**PROBLEM TO SOLVE**
The needed output is the run of lines below from the one containing "Hello friends, welcome" through the one containing "People wondering where", copied exactly and free of pictures.

**RECORDS SHOWN**
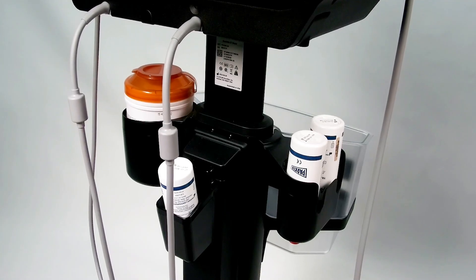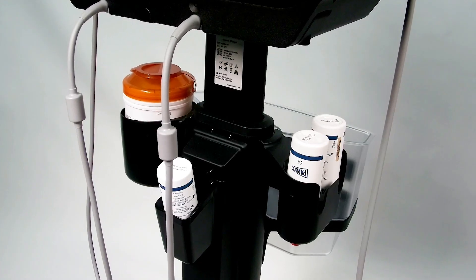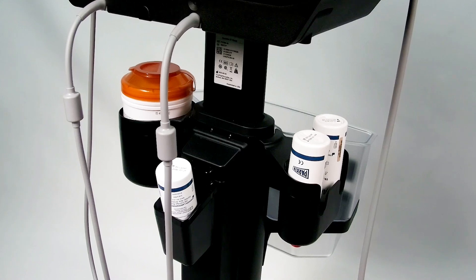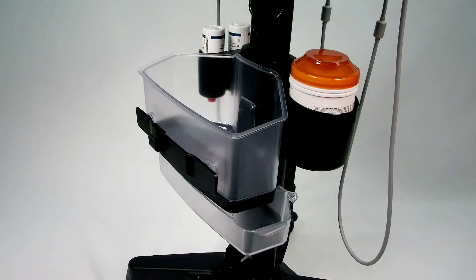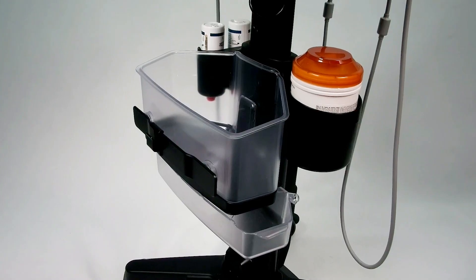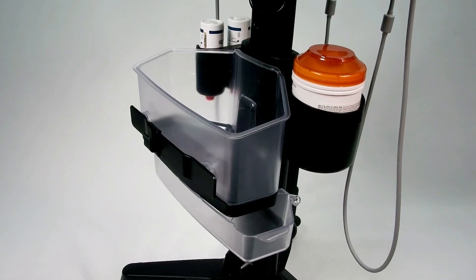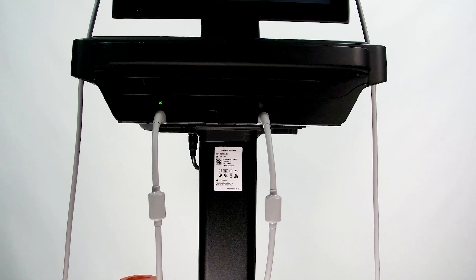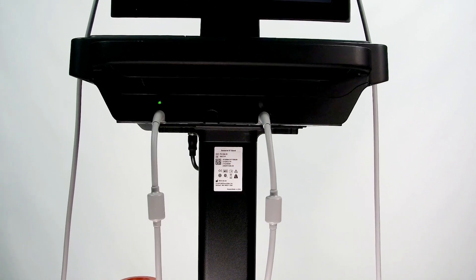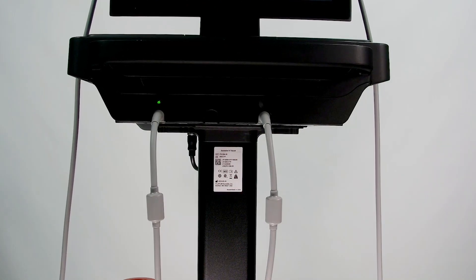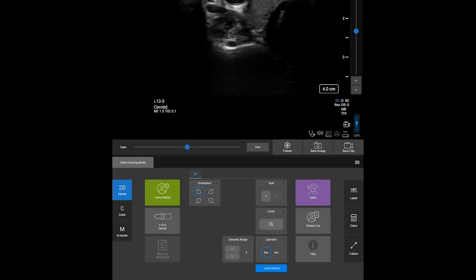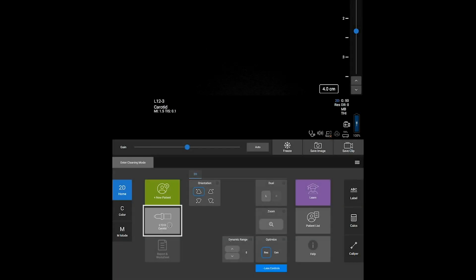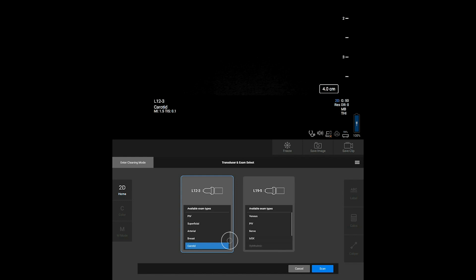The full-featured stand gives you everything you need at your fingertips, including storage, gel and wipe holders, and dual transducer connectivity, which allows you to install up to two transducers. You can switch between the two transducers at any time. Switching exam types is just as simple.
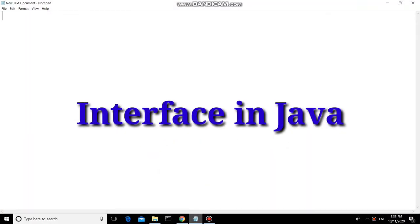Hello friends, welcome back to my YouTube channel 'Programming in My Way'. In this session we are going to cover interface in Java. In the last session we covered method overloading and method overriding, and you know that these are the polymorphism features of Java.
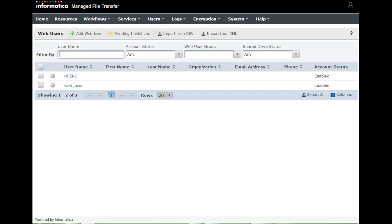This is how you can add a web user as well as an admin user. Web users are managed only by admin users that have the Web User Manager role.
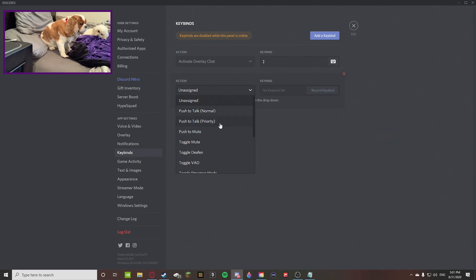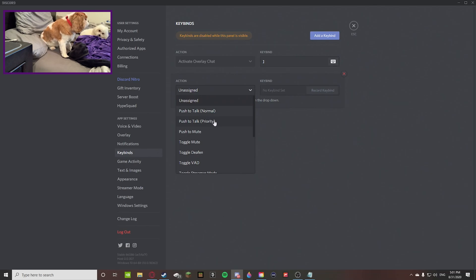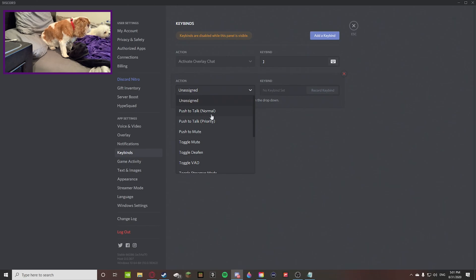You can do push to talk normal, push to talk priority, meaning you can toggle push to talk normal talking. And if you have the permission to be a priority speaker, you can do push to talk priority, which means you're louder.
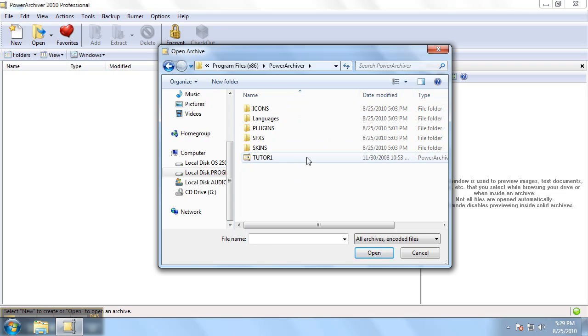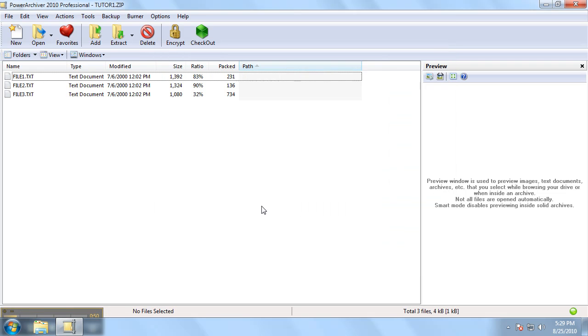We will select the file that we want to open, highlight it and click open. The open archive dialog box disappears and we are taken to the main PowerArchiver screen that shows the listing of the files contained within that archive.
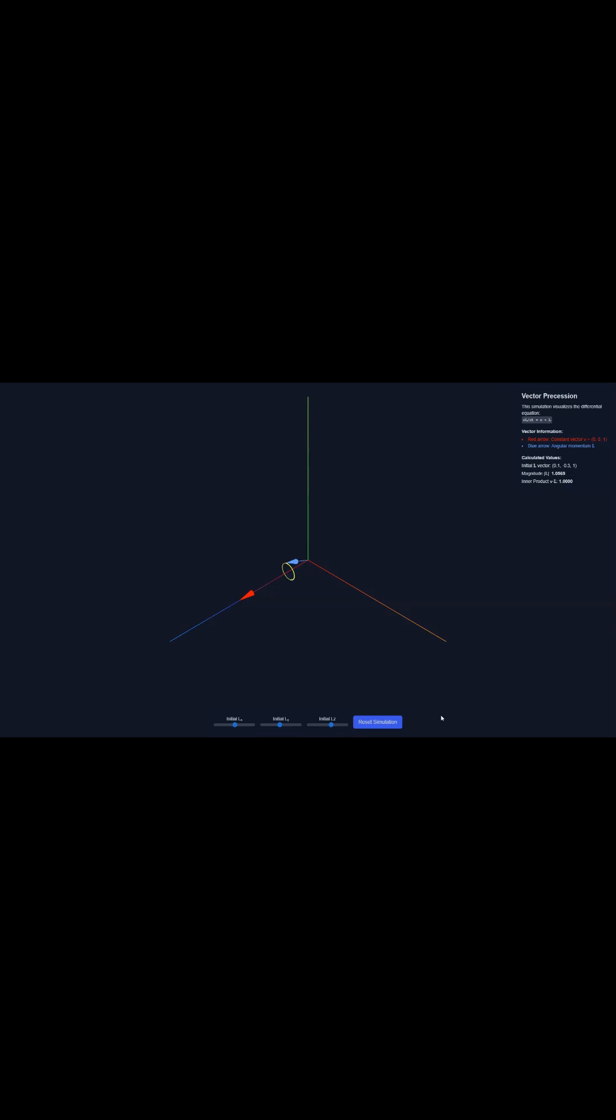Second, the math proves that two crucial things stay constant over time. We've got the overall size of the spin, but also the inner product of V and L.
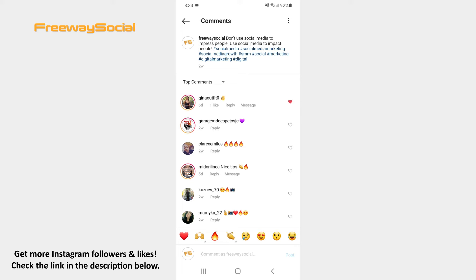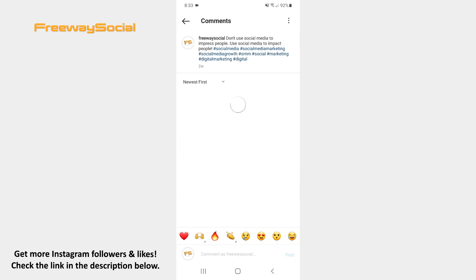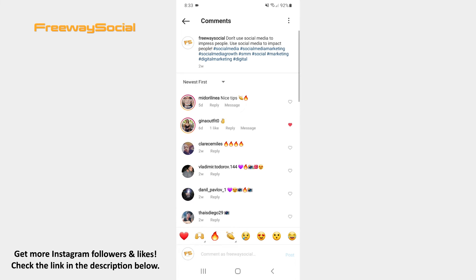Now find the sorting feature in the upper-right corner under your post caption. Click on the arrow icon and you will be able to sort comments to see the top or newest comments first.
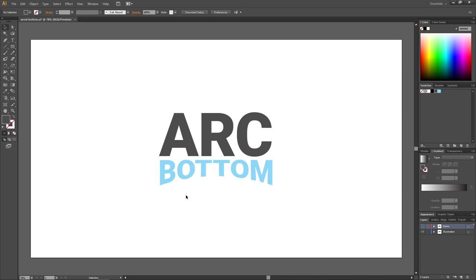This is a very quick tutorial on how to arc only the bottom of the text like I did in this example right here.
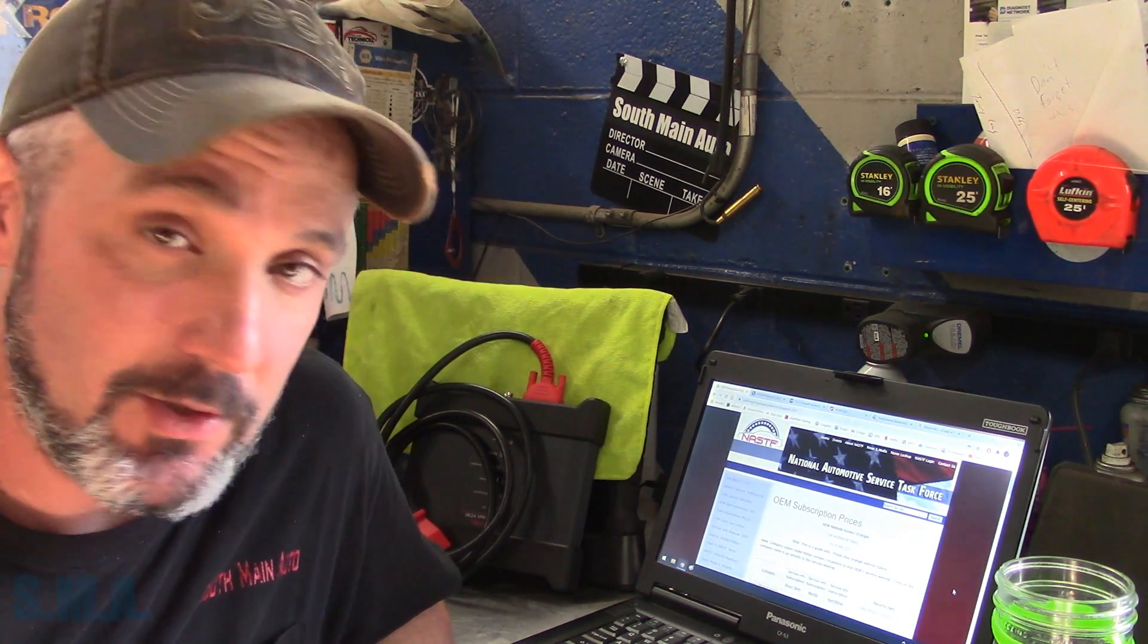People wondering where I get service info. Where do you get your wiring diagrams? How do you know where this circuit goes? How do you know where that connector is located? Where do you get these pictures? And more importantly, they want to know if they're free.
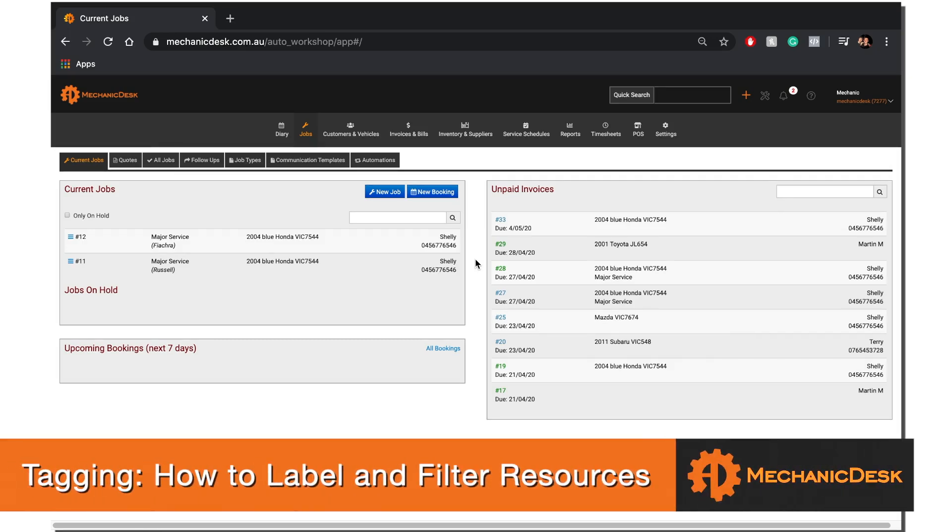Welcome to the MechanicDisk help videos. In this tutorial we will show you how to use tagging to both label and filter almost any resource within MechanicDisk.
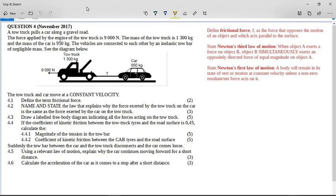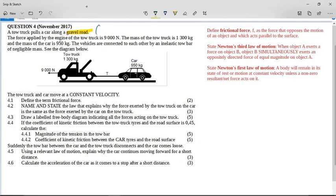A tow truck pulls a car along a gravel road. The moment we see gravel road, we know it's a rough surface and we know we are going to have friction. So before we go anywhere, remember we have friction.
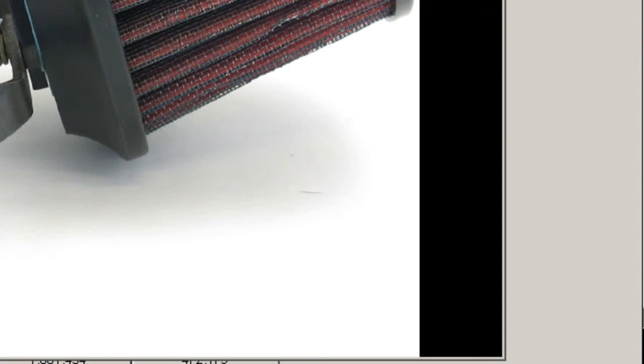You can see here the AFM is labeled 2268031U00. It's the stock Nissan AFM from the RB25 DET engine.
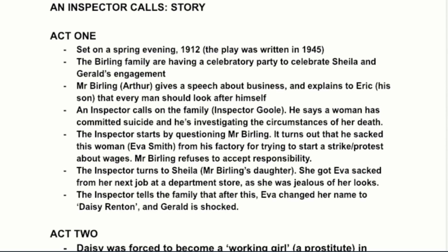Act One is set in spring 1912, though the play was written in 1945 — so the audience watching it are a generation later than the characters in it. The family are celebrating Sheila and Gerald's engagement. Mr. Birling, also called Arthur, gives a big speech about business and tells Eric that every man should look after himself. We see Mr. Birling's attitudes from the beginning, which later contrast strongly with the Inspector.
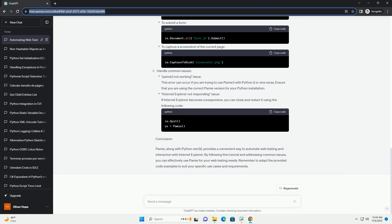Conclusion. PAMI, along with Python Win32, provides a convenient way to automate web testing and interaction with Internet Explorer. By following this tutorial and addressing common issues, you can effectively use PAMI for your web testing needs. Remember to adapt the provided code examples to suit your specific use cases and requirements.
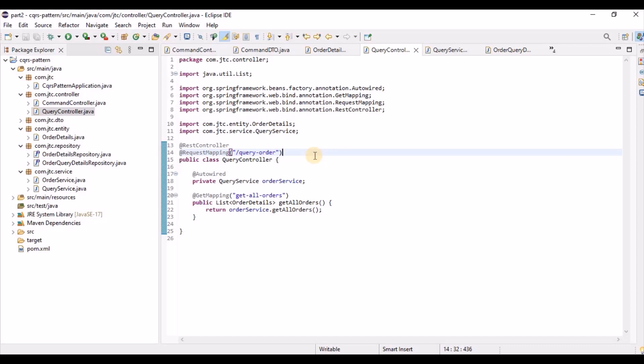This is how we can segregate read and write operations. This is all about the CQRS design pattern. You can get this code in the description section. Thanks for watching, bye bye.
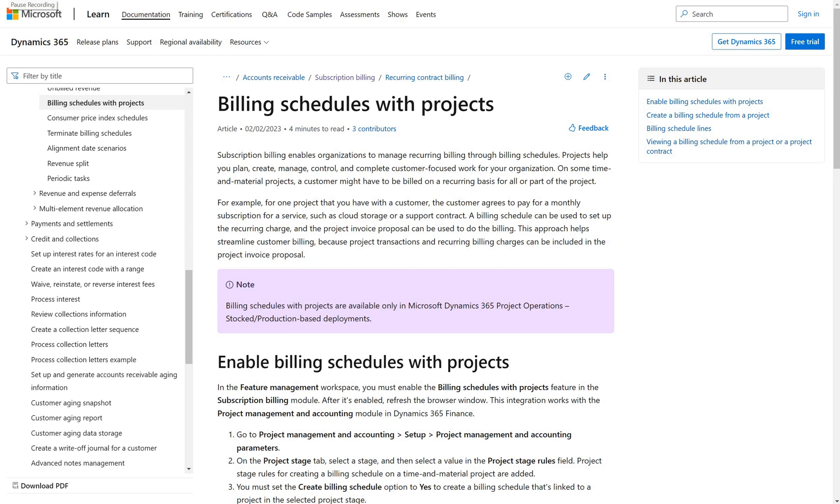Hello and welcome. In this video we will do a short review of a new feature in Dynamics 365 version 32 that is called Billing Schedules with Projects.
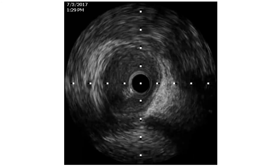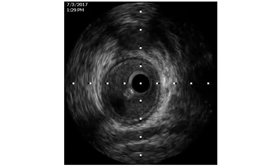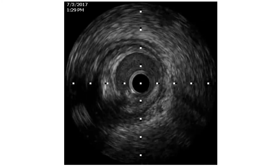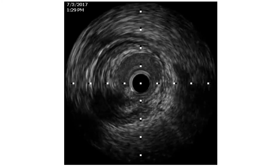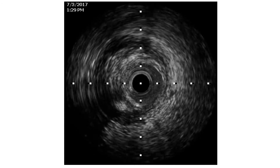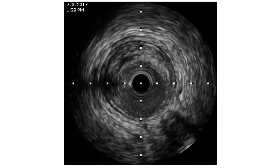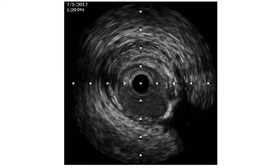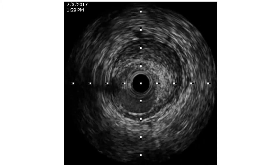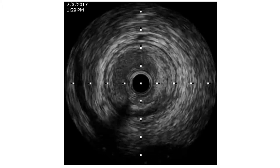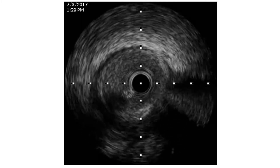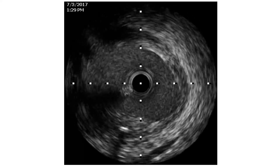This is the IVUS pullback of the LAD. The proximal LAD is clear. Here the atherosclerotic plaque starts. This is the most critical part at the mid part of the LAD. With further pullback, we can see the plaque extension into the proximal part with some calcification — it also looks critical at the mid and proximal part. There is also a plaque in the ostial LAD, and we can see the carina and the plaque extending into the left main stem, but that is widely patent.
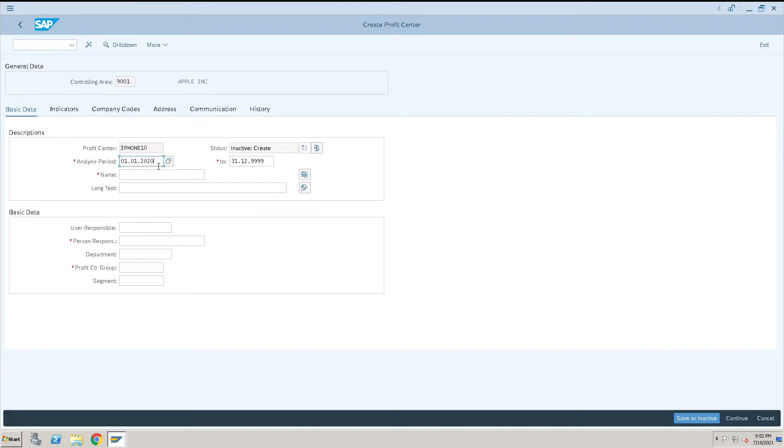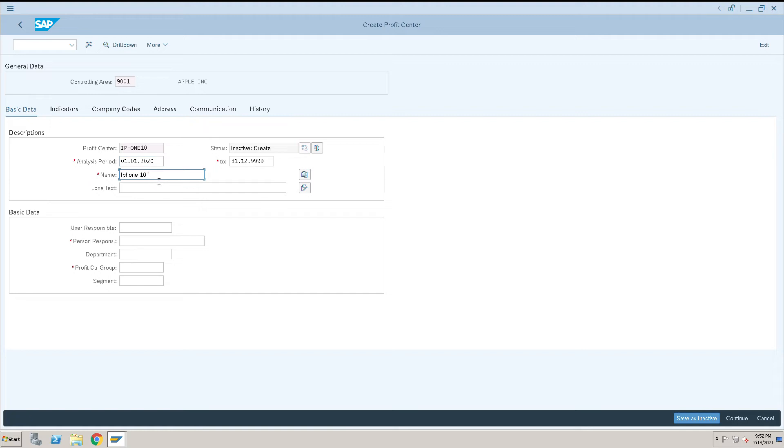The name of this profit center is iPhone 10. We can give any product name, not an issue.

**RESPONSE FOR THIS EXERCISE**
Hello friends, welcome back to my YouTube channel 'Programming in My Way'. In this session we are going to cover interface in Java. In the last session we covered method overloading and method overriding, and you know that these are the polymorphism features of Java.
This is how you can add a web user as well as an admin user. Web users are managed only by admin users that have the Web User Manager role.
You can do push to talk normal, push to talk priority, meaning you can toggle push to talk normal talking. And if you have the permission to be a priority speaker, you can do push to talk priority, which means you're louder.
We will select the file that we want to open, highlight it and click open. The open archive dialog box disappears and we are taken to the main PowerArchiver screen that shows the listing of the files contained within that archive.
Second, the math proves that two crucial things stay constant over time. We've got the overall size of the spin, but also the inner product of V and L.
Now find the sorting feature in the upper-right corner under your post caption. Click on the arrow icon and you will be able to sort comments to see the top or newest comments first.
This is a very quick tutorial on how to arc only the bottom of the text like I did in this example right here.
People wondering where I get service info. Where do you get your wiring diagrams? How do you know where this circuit goes? How do you know where that connector is located? Where do you get these pictures? And more importantly, they want to know if they're free.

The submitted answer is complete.